Bonatti was advisor of Frederick II, Holy Roman Emperor, Ezzelino da Romano III, Guido Novello da Polenta and Guido I da Montefeltro. He also served the communal governments of Florence, Siena and Forlì. His employers were all Ghibellines (supporters of the  Holy Roman Emperor), who were in conflict with the Guelphs (supporters of the Pope), and all were excommunicated at some time or another. Bonatti's astrological reputation was also criticised in Dante's Divine Comedy, where he is depicted as residing in hell as punishment for his astrology.

His most famous work was his Liber Astronomiae or 'Book of Astronomy', written around 1277. This remained a classic astrology textbook for two centuries.

Biography
Bonatti's dates of birth and death are unknown, the latter probably occurring between 1296 and 1300. In 1233 he is known as the winner of a dispute in Bologna with the friar Giovanni Schio from Vicenza, who maintained the non-scientific basis of astrology.
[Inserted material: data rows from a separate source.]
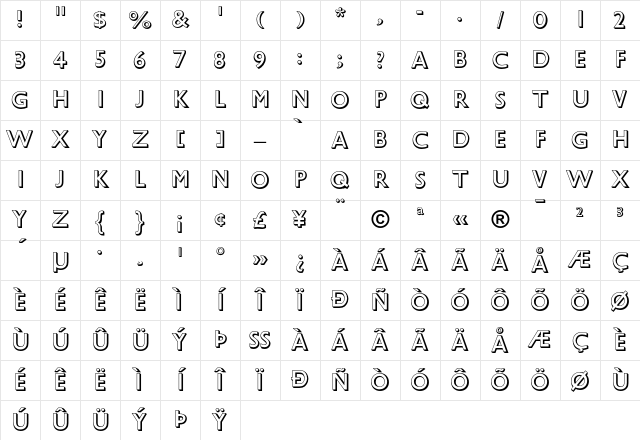 Gill Sans Shadowed Character Map Gill Sans Shadowed Character Map
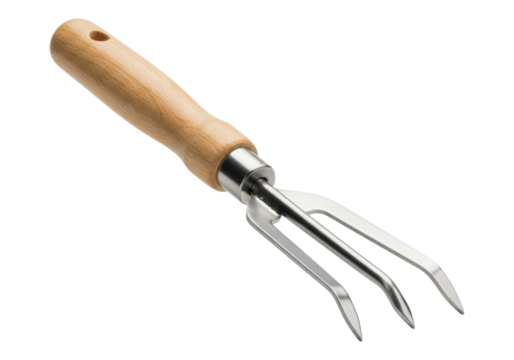 Wooden handle metal garden hand fork for plant cultivation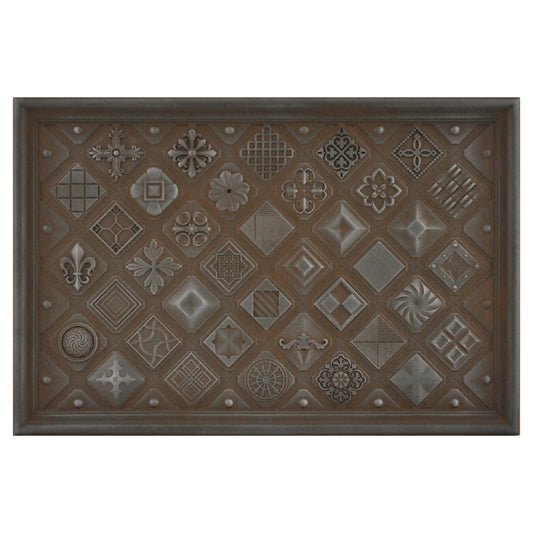 12x18 inch Potpourri Mix Hand Made Textured Premium Metal Decorative Mural Tile for Kitchen Backsplash and Fireplace (Rust)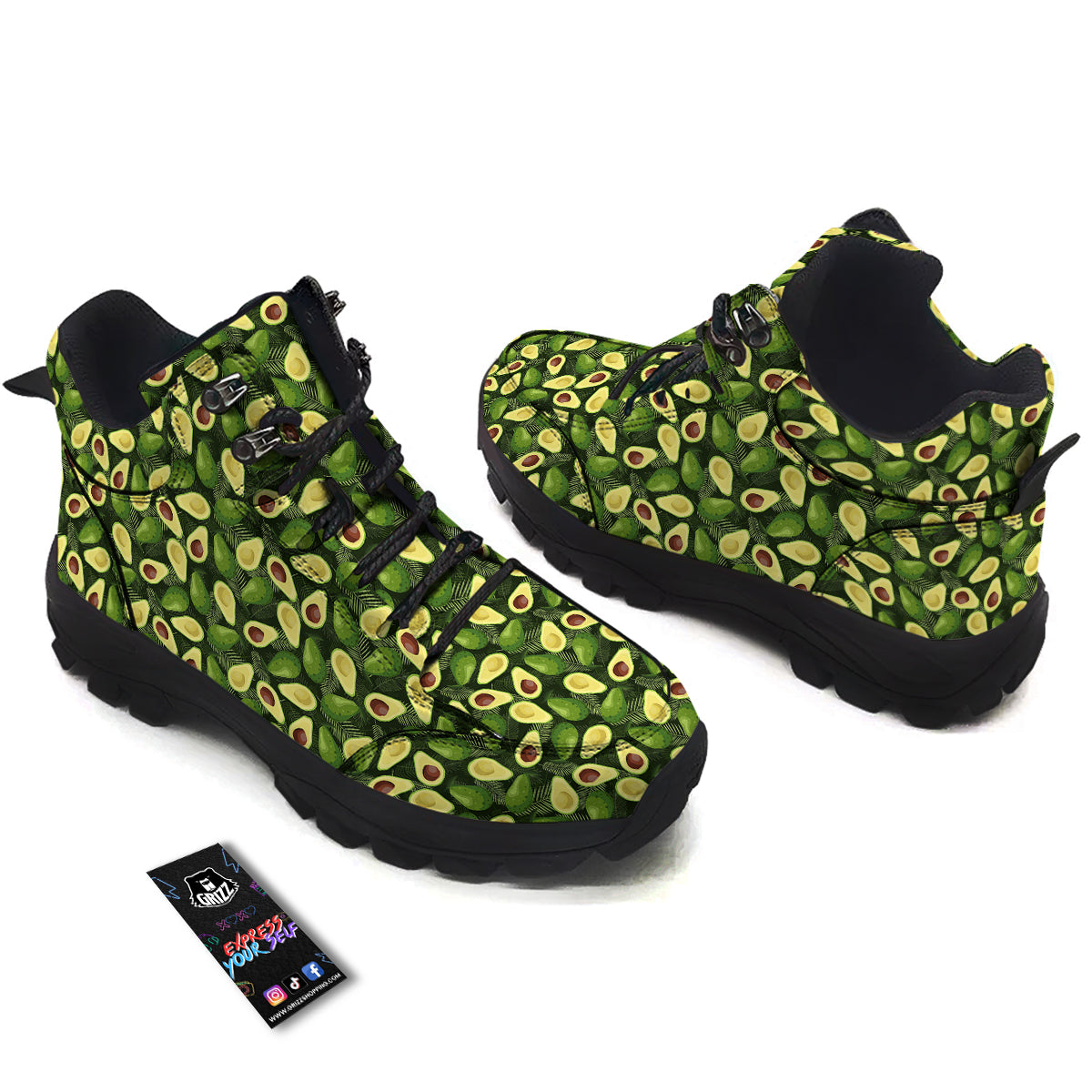 Avocado Half Cut Print Pattern Hiking Shoes-grizzshop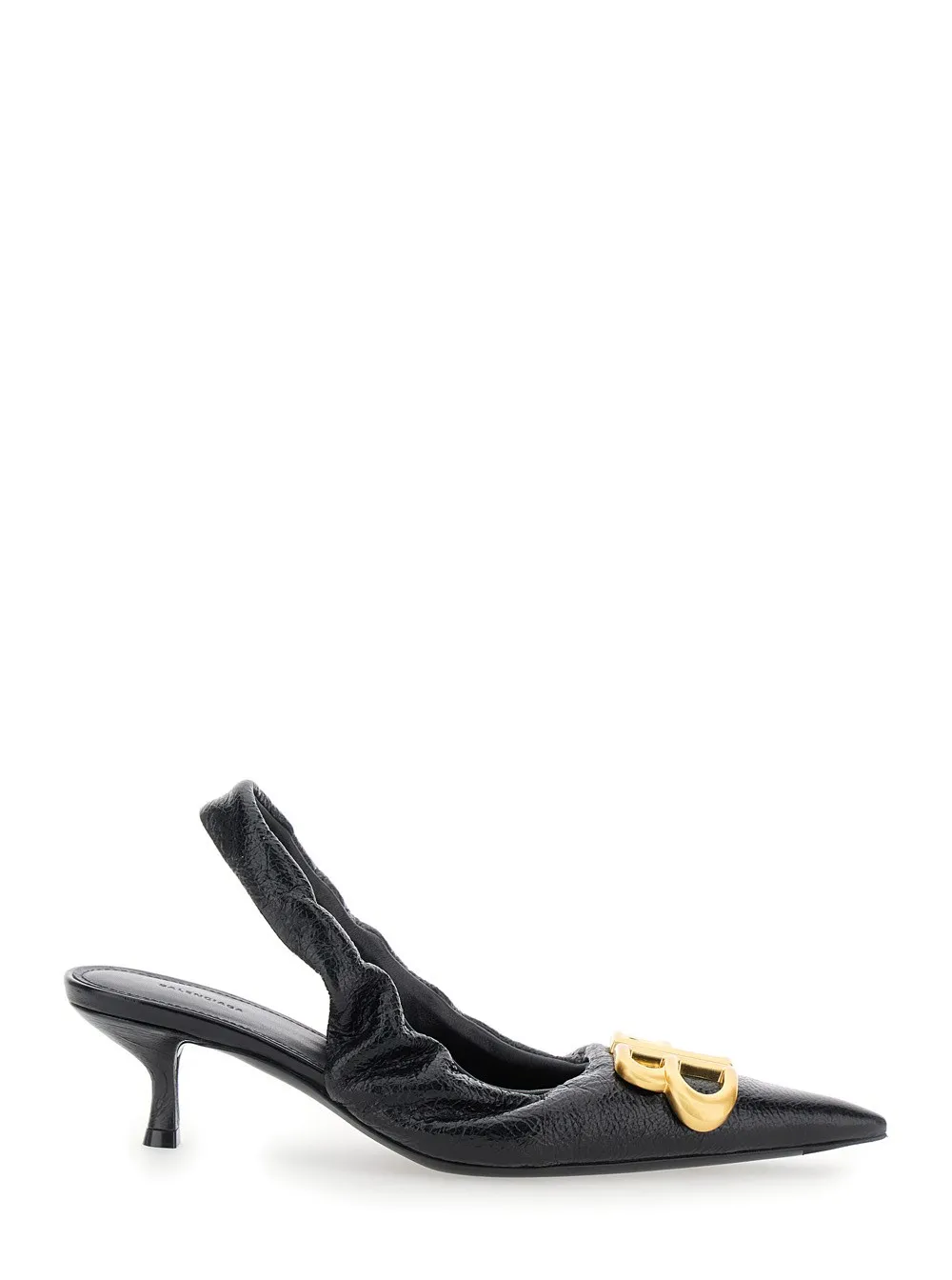 Schwarze Slingback-Pumps "Monaco" mit Logoplakette vorne und niedrigem Stilettoabsatz aus Leder Damen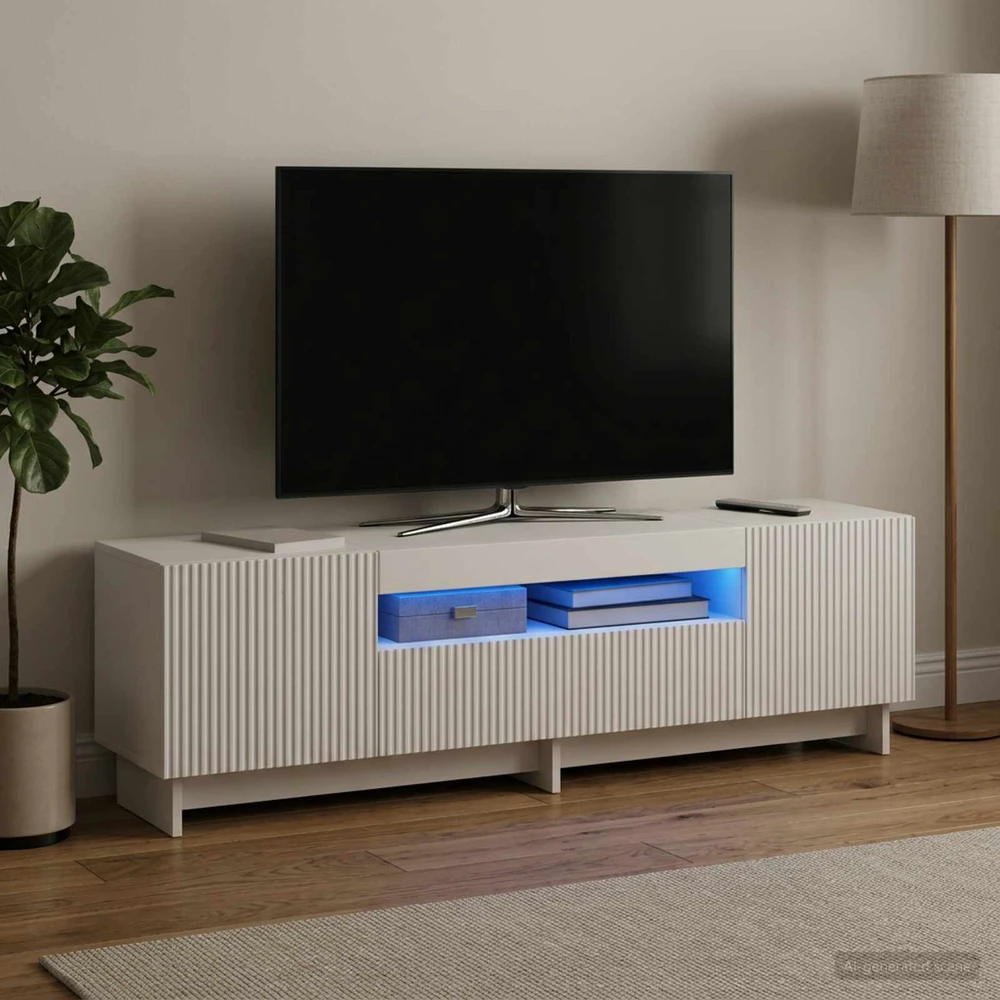 TV staliukas LED televizoriaus spintelė Balta Apdirbta mediena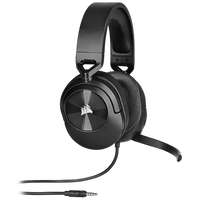 Corsair HS55 Stereo Wired Gaming Headset 50mm Drivers Omnidirectional Mic 3.5mm (Carbon)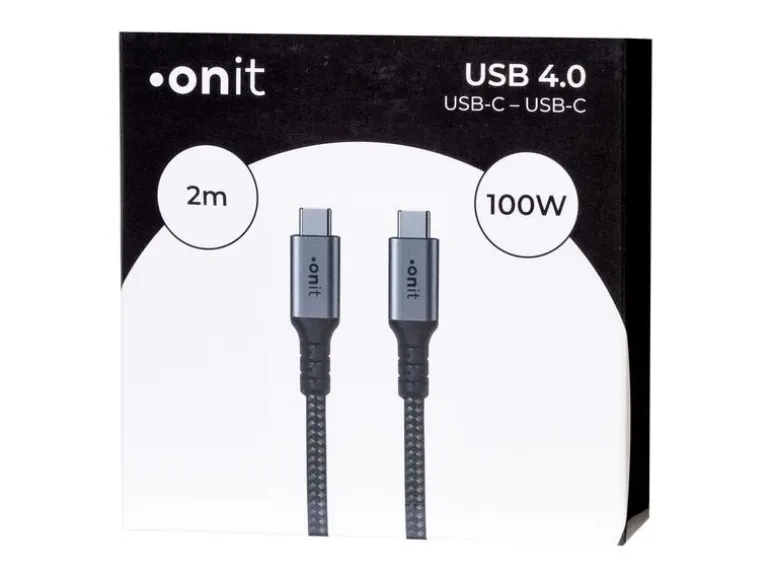 onit USB4-Kabel Pro 100 W, USB-C - USB-C, 2 m, Schwarz/Grau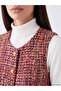 Ozmarka New Season Red Patterned Belted Women's Tweed Vest - 3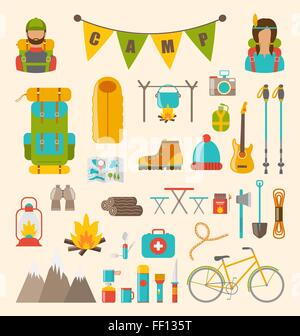 Raccolta di campeggio e attrezzatura per le escursioni, i simboli colorati e icone isolato Illustrazione Vettoriale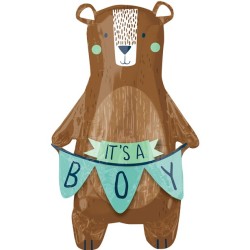 BALLON METALLIQUE OURS IT'S BOY 50 X 86 CM 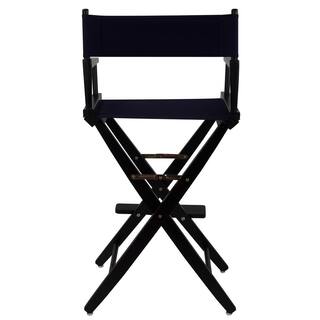 American Trails 30 in. Extra-Wide Black Wood FrameNavy Canvas Seat Folding Directors Chair 206-32032-10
He is probably the first astrologer to have used the midpoints in astrology.  He used it to refine the timing for the military campaigns for the Count of Montefeltro Bonati announced to the count that he would repulse the enemy but would be wounded in the fray. The event transpired as Bonati had predicted, and the count, who had taken with him the necessary materials to staunch his wound in case the prophecy came true, became a devout adherent of astrology.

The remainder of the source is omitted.